**MATERIAL FOR THIS TASK**

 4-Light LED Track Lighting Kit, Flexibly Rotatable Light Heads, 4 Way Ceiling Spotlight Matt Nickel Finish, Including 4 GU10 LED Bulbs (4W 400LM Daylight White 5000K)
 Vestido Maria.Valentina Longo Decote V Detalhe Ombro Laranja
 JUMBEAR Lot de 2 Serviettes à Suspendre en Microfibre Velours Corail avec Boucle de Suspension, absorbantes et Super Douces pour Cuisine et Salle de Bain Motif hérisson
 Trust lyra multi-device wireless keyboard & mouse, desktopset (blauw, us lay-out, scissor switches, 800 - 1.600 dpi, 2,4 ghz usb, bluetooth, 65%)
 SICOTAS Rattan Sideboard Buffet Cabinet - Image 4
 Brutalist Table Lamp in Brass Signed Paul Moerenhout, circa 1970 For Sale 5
--
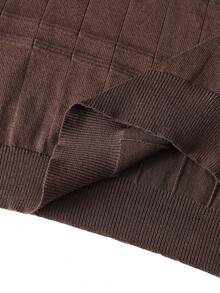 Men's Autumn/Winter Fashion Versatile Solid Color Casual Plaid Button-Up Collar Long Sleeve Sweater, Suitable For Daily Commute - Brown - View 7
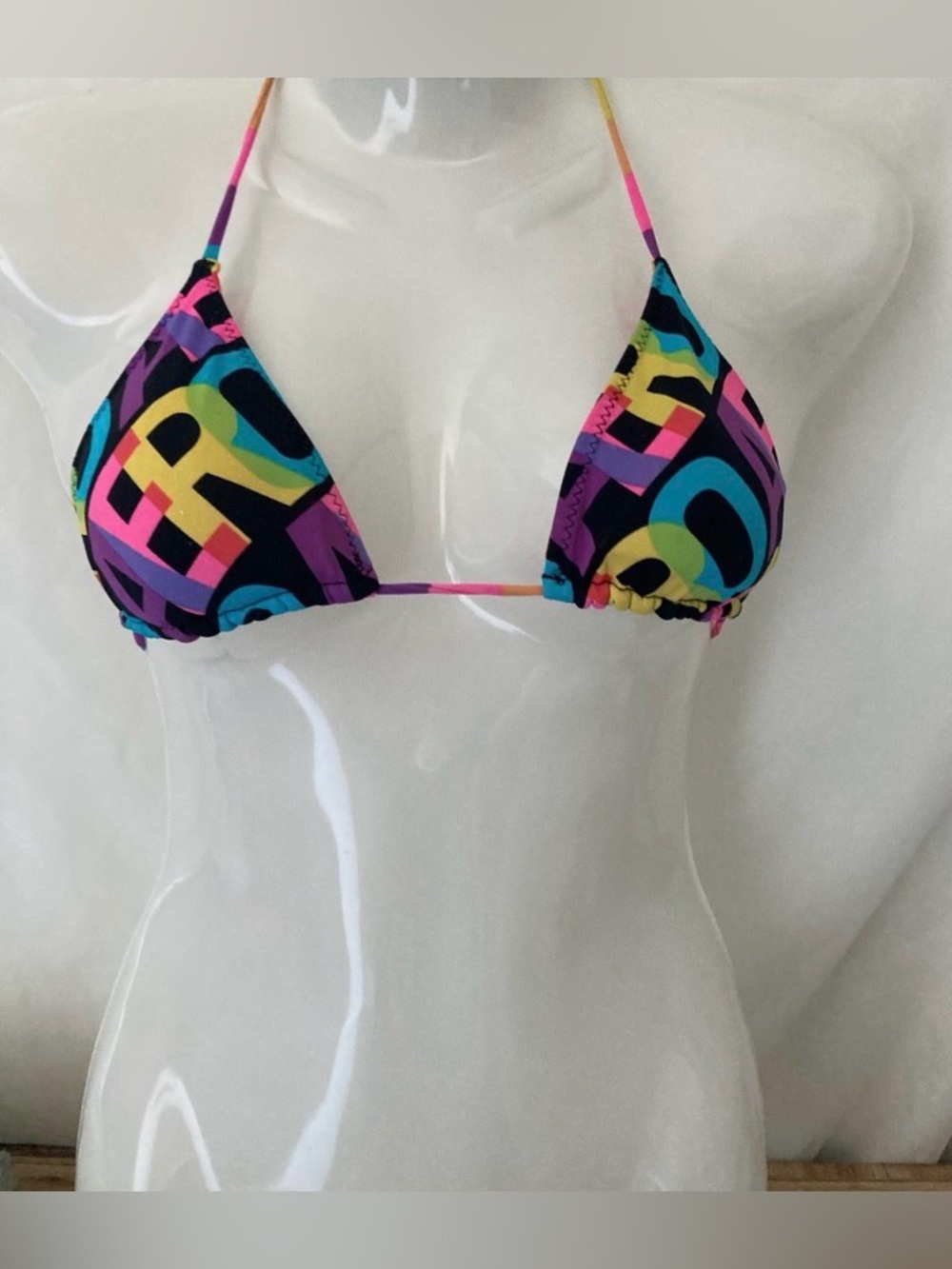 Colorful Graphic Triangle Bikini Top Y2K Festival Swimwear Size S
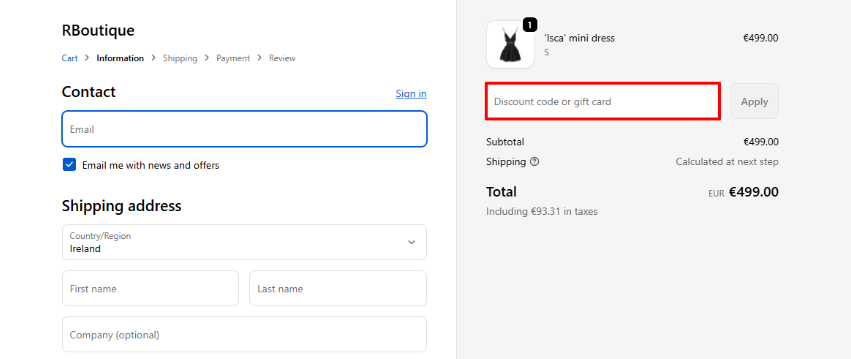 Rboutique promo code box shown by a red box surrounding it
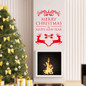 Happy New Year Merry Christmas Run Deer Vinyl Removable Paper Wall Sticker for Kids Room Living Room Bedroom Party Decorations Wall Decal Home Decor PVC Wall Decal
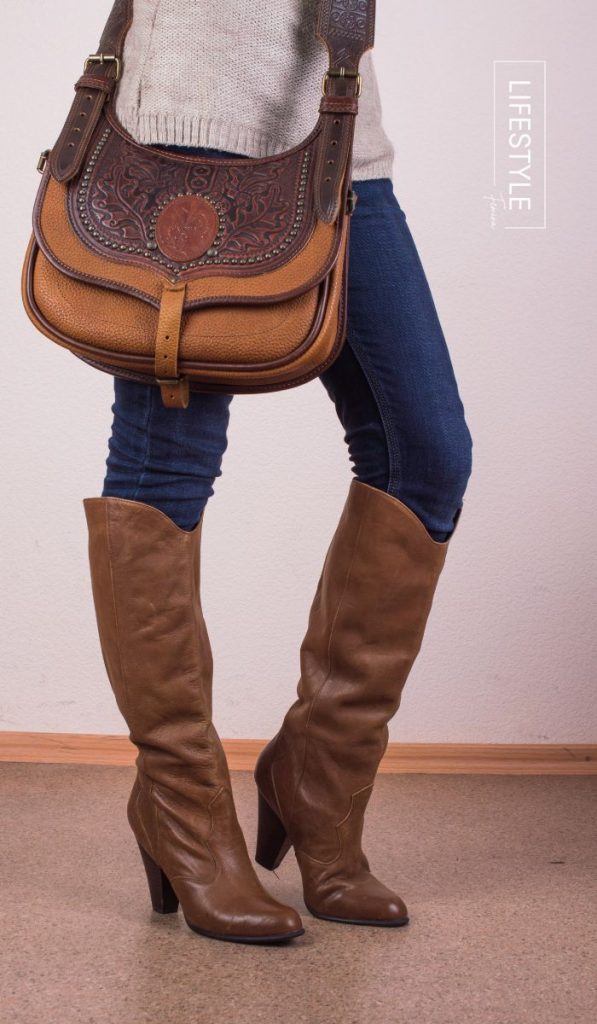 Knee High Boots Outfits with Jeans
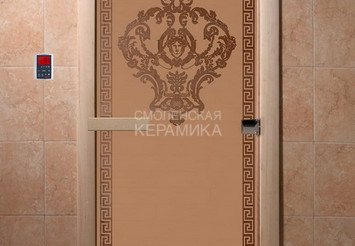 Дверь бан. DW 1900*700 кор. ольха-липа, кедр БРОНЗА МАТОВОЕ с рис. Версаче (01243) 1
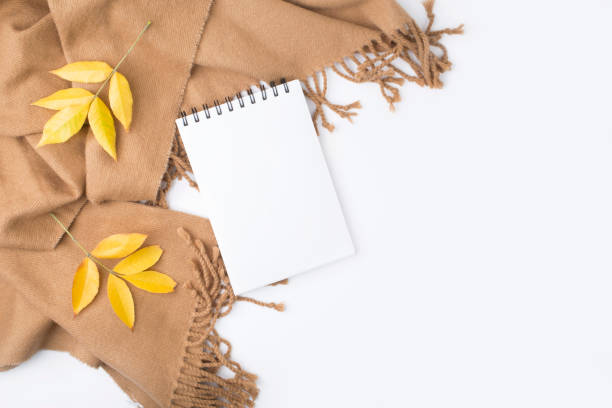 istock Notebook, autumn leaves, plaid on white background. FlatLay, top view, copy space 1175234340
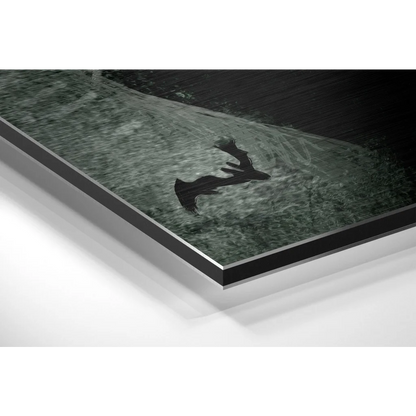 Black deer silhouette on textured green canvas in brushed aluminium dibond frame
==
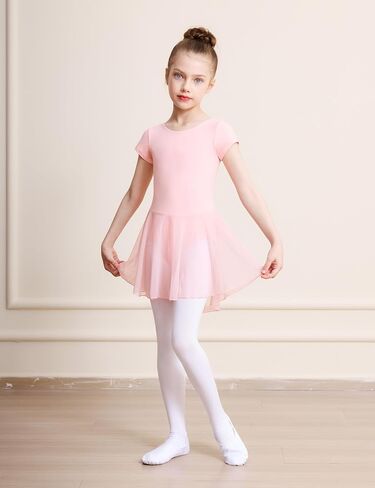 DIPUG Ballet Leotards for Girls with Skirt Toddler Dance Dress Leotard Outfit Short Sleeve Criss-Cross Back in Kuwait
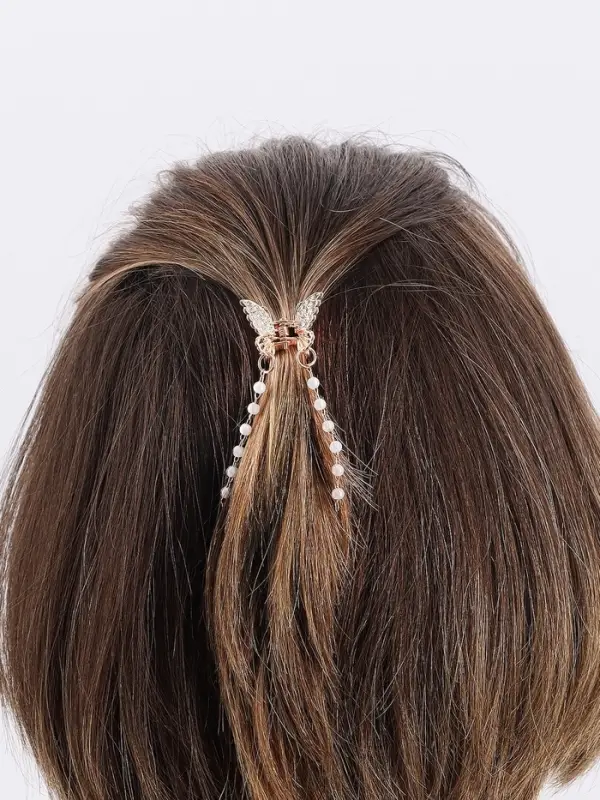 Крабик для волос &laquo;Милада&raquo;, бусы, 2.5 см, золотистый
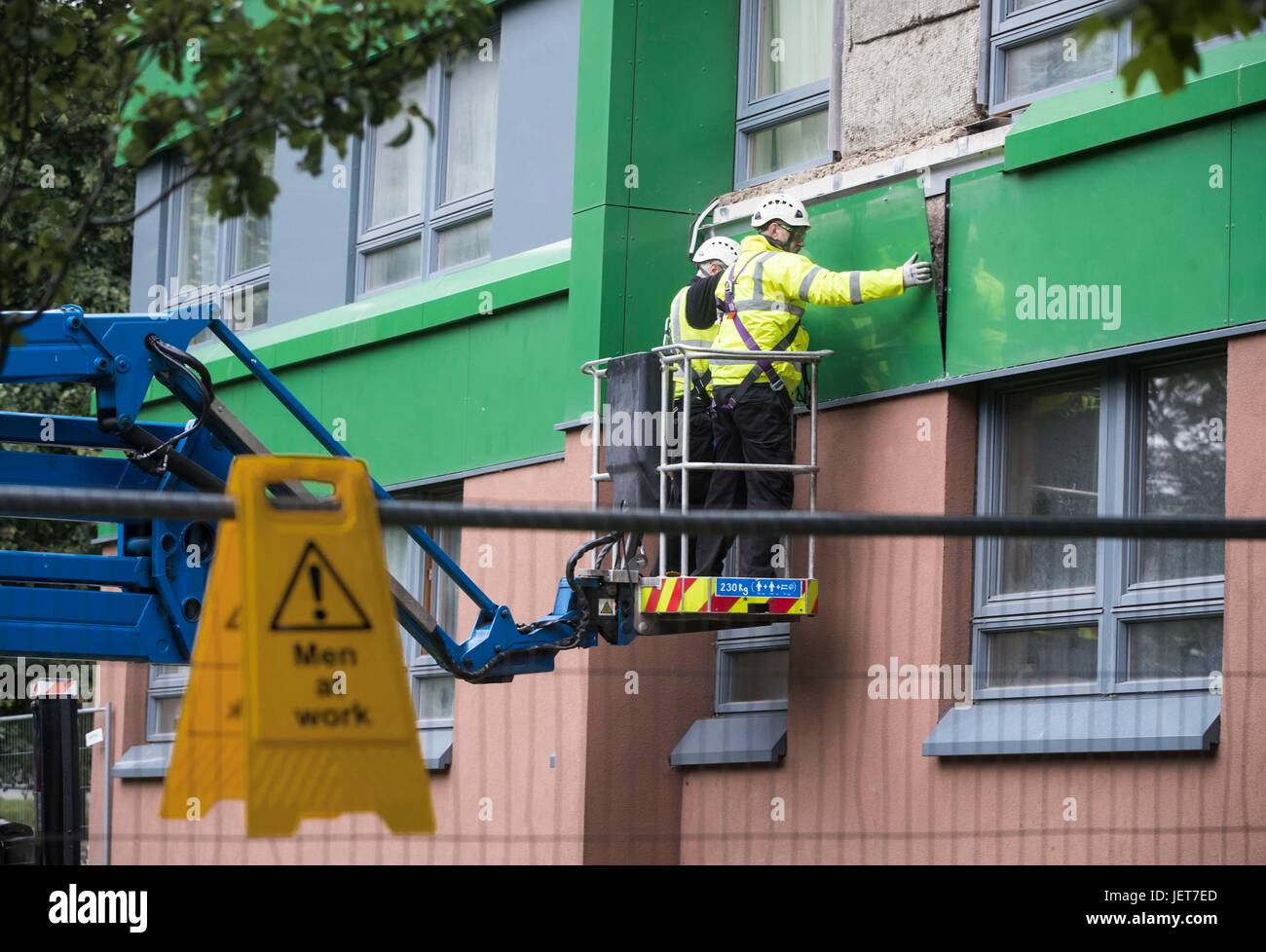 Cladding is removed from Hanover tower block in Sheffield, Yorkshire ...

**ACTIVITY**
Give again the stretch of lines above from the one with "Крабик для волос" through the one with "Cladding is removed", both ends kept, and copy no pictures.

**RESPONSE BELOW**
 Крабик для волос &laquo;Милада&raquo;, бусы, 2.5 см, золотистый
 Cladding is removed from Hanover tower block in Sheffield, Yorkshire ...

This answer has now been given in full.